→ INSTRUCTIONS TO FOLLOW
Everything from the line with "601 Richmond Dr - Photo 5 of 17" down to the line with "Внимание! Тонкий лед!" below must be printed exactly, those two lines included. Exclude pictures.

→ STUDY MATERIAL
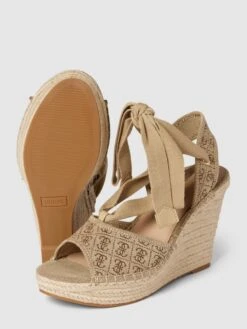 Guess Wedges Mit Label-Print Modell 'HALONA' - Beige -Guesi Bekleidung Geschaft 8t648eaba943alhoacs36iqha59jee1n6h9k2dpg8p942lad6kqkigid6t85ajqa954k2dam90o36lam993j2chpc4r32ohn71i6cphk65gj2e9p6krjad1o60q30cpgc8r3edg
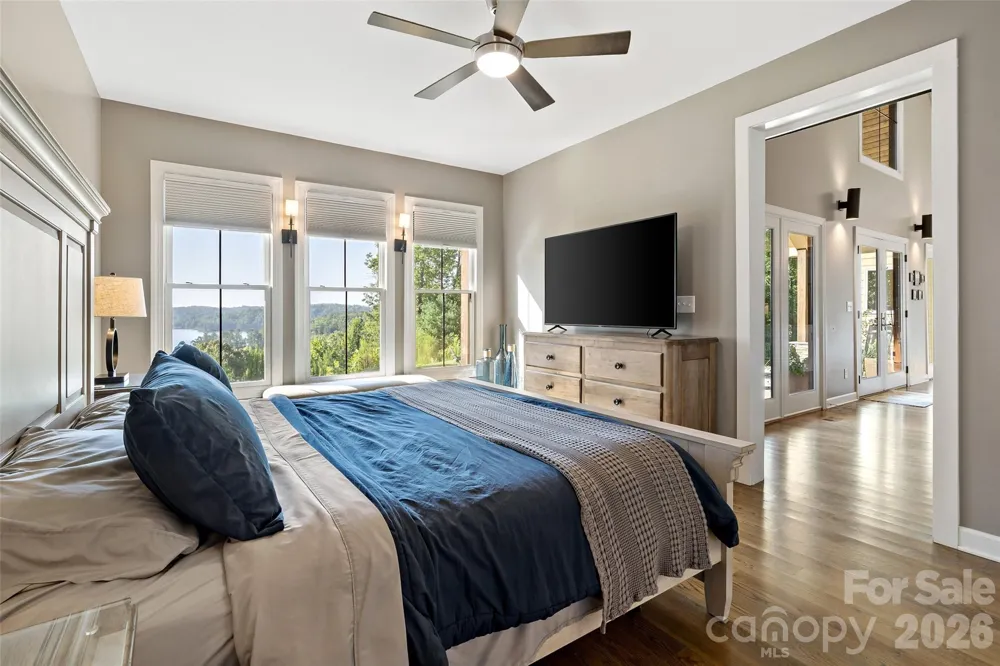 6521 Lake James Road Marion, NC 28752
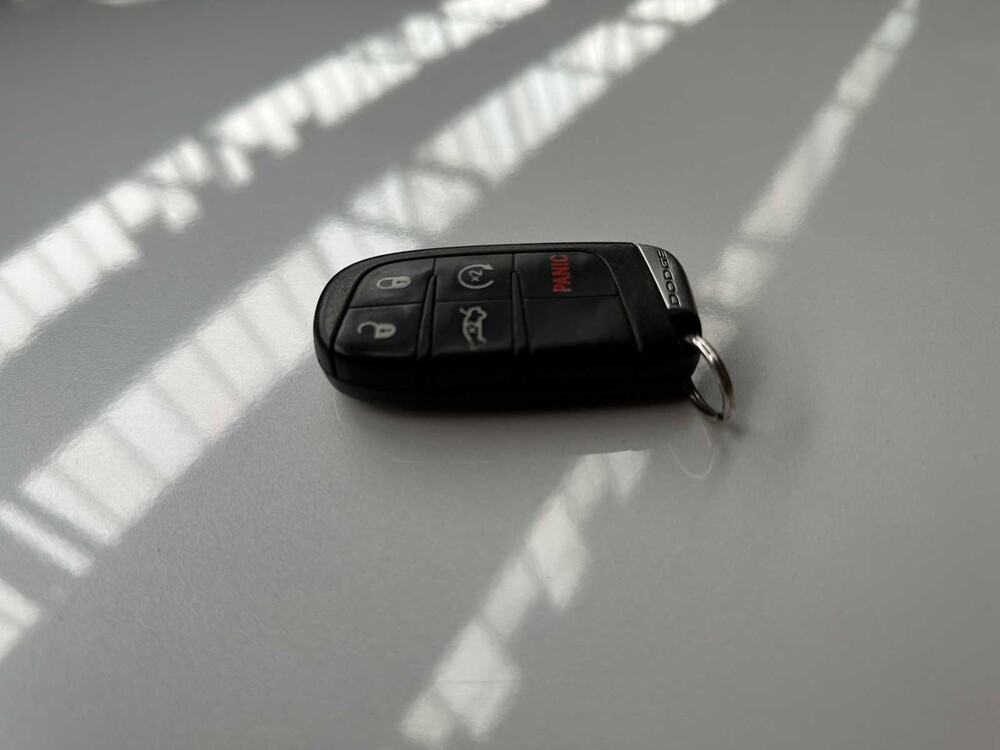 Dodge Charger RT HEMI 5.7 V8 375pk 2013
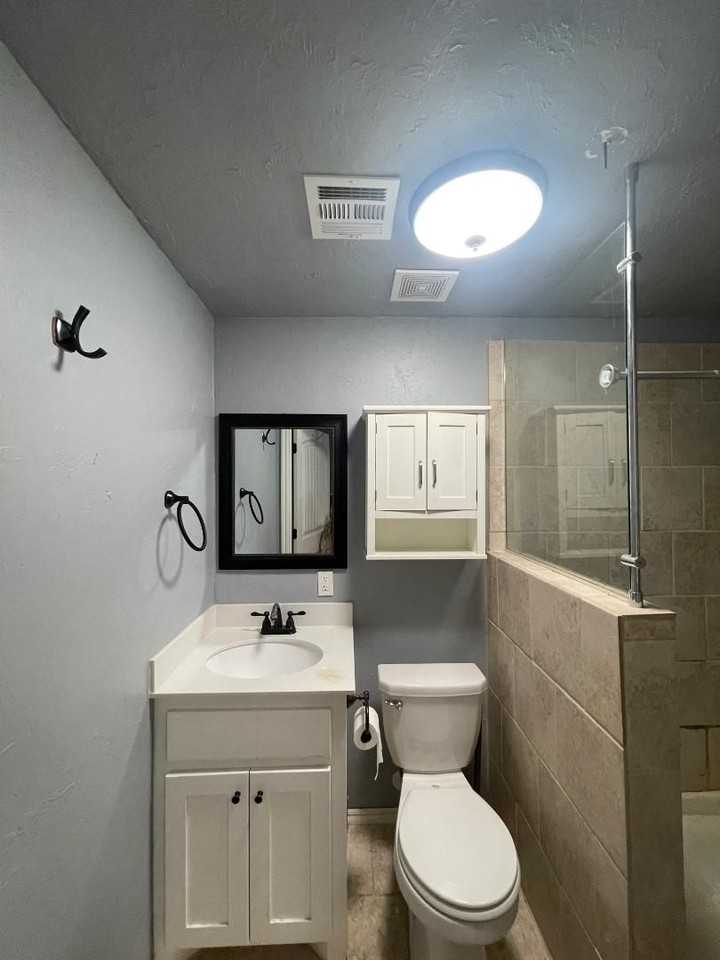601 Richmond Dr - Photo 5 of 17
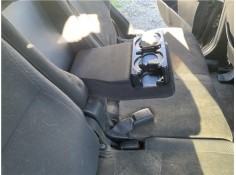 Recambio de asientos traseros para mitsubishi outlander (cw0) 2.0 di-d intense referencia OEM IAM 6902A386XD 6977A543 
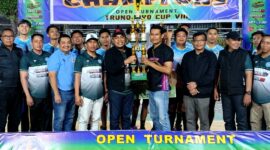Ketua DPRD Pamekasan, Ali Masykur (jaket hitam) saat memberikan piala bergilir kepada juara turnamen. (DOK. KLIKMADURA)
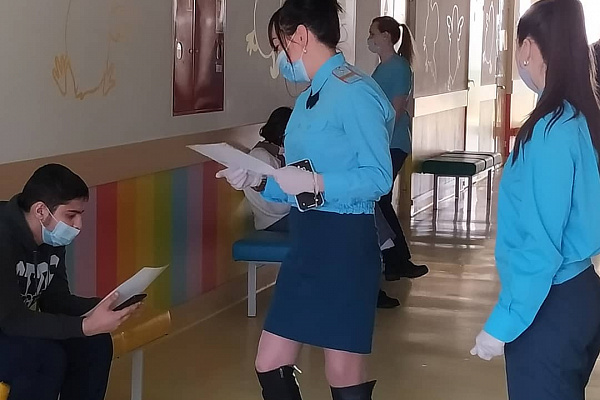 Внимание! Тонкий лед!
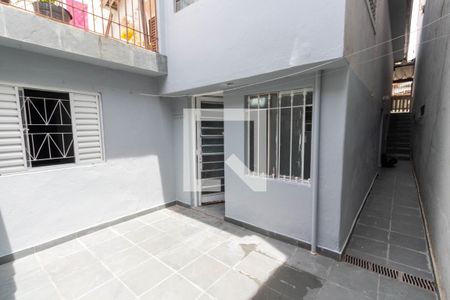 Casa para alugar com 75m², 2 quartos e sem vagaQuintal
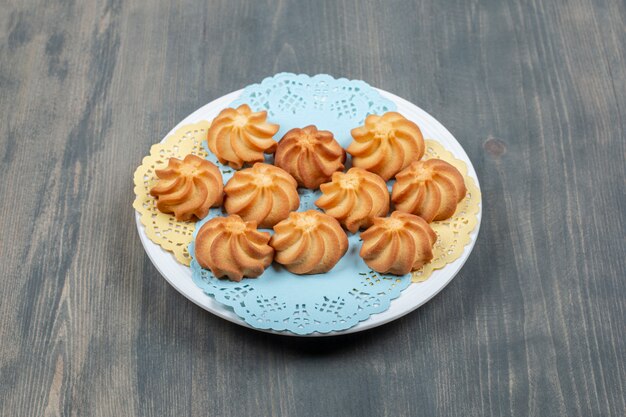 Süße köstliche gebräunte Shortbread-Kekse in einem weißen Teller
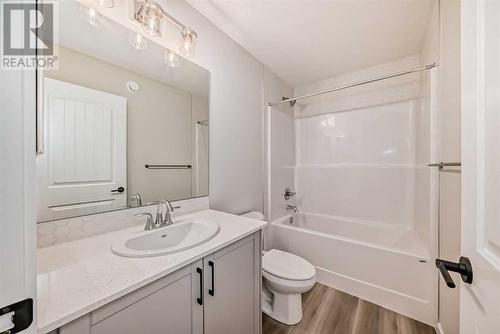 336 Beltmont Park Sw, Calgary, AB - Indoor Photo Showing Bathroom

→ WRITTEN ANSWER
601 Richmond Dr - Photo 5 of 17
 Recambio de asientos traseros para mitsubishi outlander (cw0) 2.0 di-d intense referencia OEM IAM 6902A386XD 6977A543 
Ketua DPRD Pamekasan, Ali Masykur (jaket hitam) saat memberikan piala bergilir kepada juara turnamen. (DOK. KLIKMADURA)
 Внимание! Тонкий лед!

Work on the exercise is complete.